▶ EXERCISE: Once the line with "2-к квартира, посуточно, 34м2, 1/1 этаж" is found in the entries below, repeat it and each following line exactly, up to and including the line with "Key art for Yasuke". Add no other lines.

- - - - - - -

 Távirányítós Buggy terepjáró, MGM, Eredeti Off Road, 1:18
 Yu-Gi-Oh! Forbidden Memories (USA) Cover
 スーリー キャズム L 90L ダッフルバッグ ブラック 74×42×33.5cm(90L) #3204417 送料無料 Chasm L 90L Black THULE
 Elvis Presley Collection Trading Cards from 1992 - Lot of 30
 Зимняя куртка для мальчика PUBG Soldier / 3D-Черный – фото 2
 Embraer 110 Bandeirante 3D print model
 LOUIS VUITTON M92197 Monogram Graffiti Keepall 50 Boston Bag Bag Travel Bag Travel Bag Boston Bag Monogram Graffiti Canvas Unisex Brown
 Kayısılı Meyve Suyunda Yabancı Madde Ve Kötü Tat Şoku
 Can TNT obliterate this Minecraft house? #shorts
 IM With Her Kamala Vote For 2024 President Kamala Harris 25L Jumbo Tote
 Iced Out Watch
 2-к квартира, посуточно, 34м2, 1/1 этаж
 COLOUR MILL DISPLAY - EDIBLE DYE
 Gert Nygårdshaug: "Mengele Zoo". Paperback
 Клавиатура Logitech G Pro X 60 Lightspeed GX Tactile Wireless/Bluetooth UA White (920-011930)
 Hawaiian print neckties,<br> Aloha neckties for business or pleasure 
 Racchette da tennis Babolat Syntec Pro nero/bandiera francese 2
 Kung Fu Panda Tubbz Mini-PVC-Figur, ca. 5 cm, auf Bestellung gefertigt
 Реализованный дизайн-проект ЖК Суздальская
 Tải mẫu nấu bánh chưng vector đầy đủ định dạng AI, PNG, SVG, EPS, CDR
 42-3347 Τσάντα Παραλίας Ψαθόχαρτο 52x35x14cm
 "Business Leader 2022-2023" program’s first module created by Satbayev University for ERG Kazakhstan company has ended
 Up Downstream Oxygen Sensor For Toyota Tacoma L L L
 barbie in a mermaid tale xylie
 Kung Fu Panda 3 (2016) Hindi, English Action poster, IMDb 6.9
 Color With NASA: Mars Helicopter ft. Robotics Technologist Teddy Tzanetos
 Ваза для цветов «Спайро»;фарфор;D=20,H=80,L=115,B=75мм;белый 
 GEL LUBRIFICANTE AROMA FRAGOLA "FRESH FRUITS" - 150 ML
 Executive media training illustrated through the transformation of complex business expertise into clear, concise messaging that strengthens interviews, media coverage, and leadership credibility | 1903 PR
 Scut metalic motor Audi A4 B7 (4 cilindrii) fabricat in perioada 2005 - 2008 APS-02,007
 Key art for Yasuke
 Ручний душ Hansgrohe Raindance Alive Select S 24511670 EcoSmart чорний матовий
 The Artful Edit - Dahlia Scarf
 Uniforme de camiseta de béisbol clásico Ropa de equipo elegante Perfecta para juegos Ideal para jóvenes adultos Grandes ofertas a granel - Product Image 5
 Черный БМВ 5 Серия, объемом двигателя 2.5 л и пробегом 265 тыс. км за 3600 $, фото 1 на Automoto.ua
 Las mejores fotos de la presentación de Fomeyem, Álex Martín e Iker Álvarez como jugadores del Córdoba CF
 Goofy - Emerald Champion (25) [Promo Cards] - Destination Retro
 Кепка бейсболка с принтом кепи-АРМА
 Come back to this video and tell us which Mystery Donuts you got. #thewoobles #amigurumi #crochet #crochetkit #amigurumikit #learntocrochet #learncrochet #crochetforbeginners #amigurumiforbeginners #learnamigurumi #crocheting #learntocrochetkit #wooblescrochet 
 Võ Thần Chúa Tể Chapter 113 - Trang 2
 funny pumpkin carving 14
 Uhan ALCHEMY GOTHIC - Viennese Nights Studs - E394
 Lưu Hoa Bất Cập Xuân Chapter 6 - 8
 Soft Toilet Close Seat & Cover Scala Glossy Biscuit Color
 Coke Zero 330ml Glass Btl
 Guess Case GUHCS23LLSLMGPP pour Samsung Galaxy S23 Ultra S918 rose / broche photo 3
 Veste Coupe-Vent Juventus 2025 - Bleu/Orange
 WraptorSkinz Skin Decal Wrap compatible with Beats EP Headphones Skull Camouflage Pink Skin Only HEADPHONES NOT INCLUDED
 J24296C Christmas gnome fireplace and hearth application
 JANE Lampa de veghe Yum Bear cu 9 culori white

- - - - - - -

▶ ANSWER TO THE PROBLEM:
 2-к квартира, посуточно, 34м2, 1/1 этаж
 COLOUR MILL DISPLAY - EDIBLE DYE
 Gert Nygårdshaug: "Mengele Zoo". Paperback
 Клавиатура Logitech G Pro X 60 Lightspeed GX Tactile Wireless/Bluetooth UA White (920-011930)
 Hawaiian print neckties,<br> Aloha neckties for business or pleasure 
 Racchette da tennis Babolat Syntec Pro nero/bandiera francese 2
 Kung Fu Panda Tubbz Mini-PVC-Figur, ca. 5 cm, auf Bestellung gefertigt
 Реализованный дизайн-проект ЖК Суздальская
 Tải mẫu nấu bánh chưng vector đầy đủ định dạng AI, PNG, SVG, EPS, CDR
 42-3347 Τσάντα Παραλίας Ψαθόχαρτο 52x35x14cm
 "Business Leader 2022-2023" program’s first module created by Satbayev University for ERG Kazakhstan company has ended
 Up Downstream Oxygen Sensor For Toyota Tacoma L L L
 barbie in a mermaid tale xylie
 Kung Fu Panda 3 (2016) Hindi, English Action poster, IMDb 6.9
 Color With NASA: Mars Helicopter ft. Robotics Technologist Teddy Tzanetos
 Ваза для цветов «Спайро»;фарфор;D=20,H=80,L=115,B=75мм;белый 
 GEL LUBRIFICANTE AROMA FRAGOLA "FRESH FRUITS" - 150 ML
 Executive media training illustrated through the transformation of complex business expertise into clear, concise messaging that strengthens interviews, media coverage, and leadership credibility | 1903 PR
 Scut metalic motor Audi A4 B7 (4 cilindrii) fabricat in perioada 2005 - 2008 APS-02,007
 Key art for Yasuke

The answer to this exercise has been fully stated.